WORK TO COMPLETE> Every line from the one containing "More details for" to the end of the records below should be returned exactly; pictures are to be dropped.

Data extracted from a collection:
____
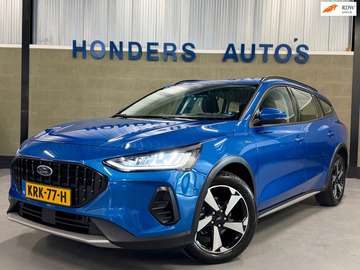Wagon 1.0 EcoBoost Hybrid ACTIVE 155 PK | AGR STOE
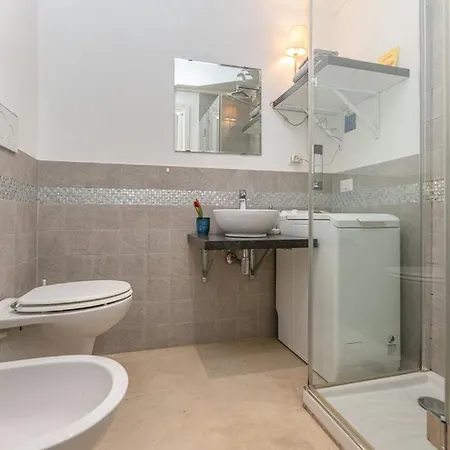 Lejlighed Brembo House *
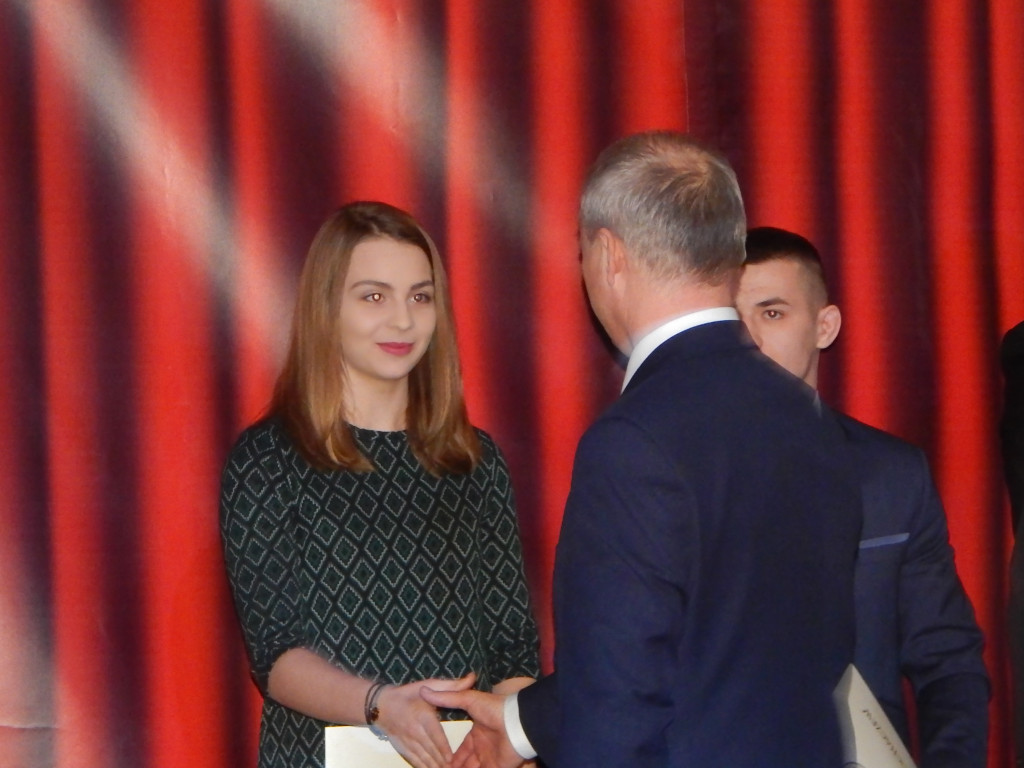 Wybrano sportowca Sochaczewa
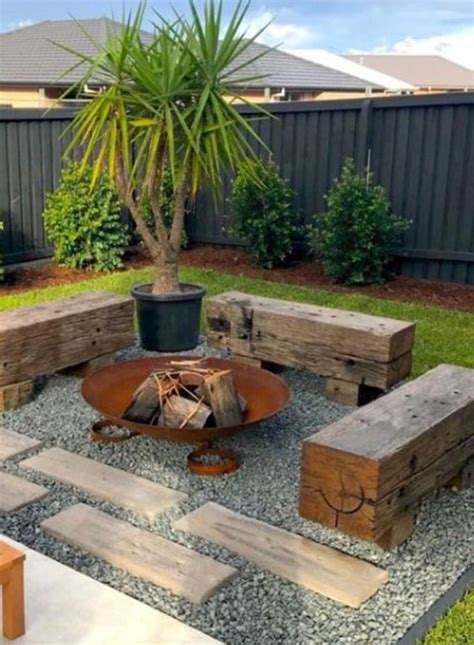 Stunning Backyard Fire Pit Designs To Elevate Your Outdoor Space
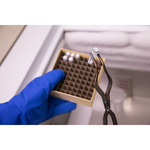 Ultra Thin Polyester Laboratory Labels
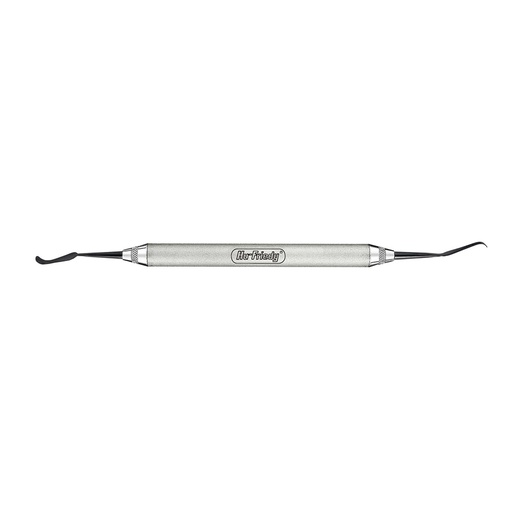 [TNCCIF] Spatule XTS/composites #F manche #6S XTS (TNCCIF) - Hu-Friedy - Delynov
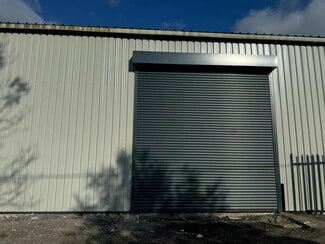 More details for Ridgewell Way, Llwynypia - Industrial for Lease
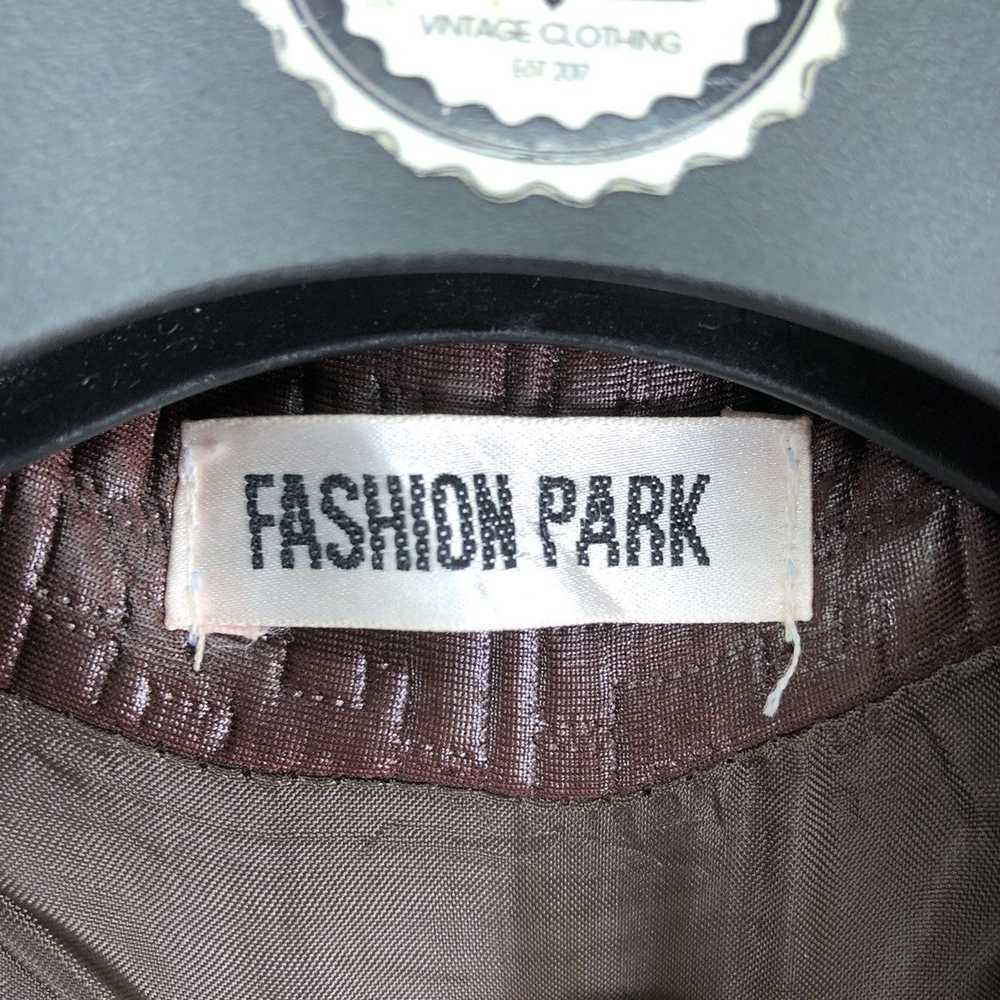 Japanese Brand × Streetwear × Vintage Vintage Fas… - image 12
____
TASK RESULT>
 More details for Ridgewell Way, Llwynypia - Industrial for Lease
 Japanese Brand × Streetwear × Vintage Vintage Fas… - image 12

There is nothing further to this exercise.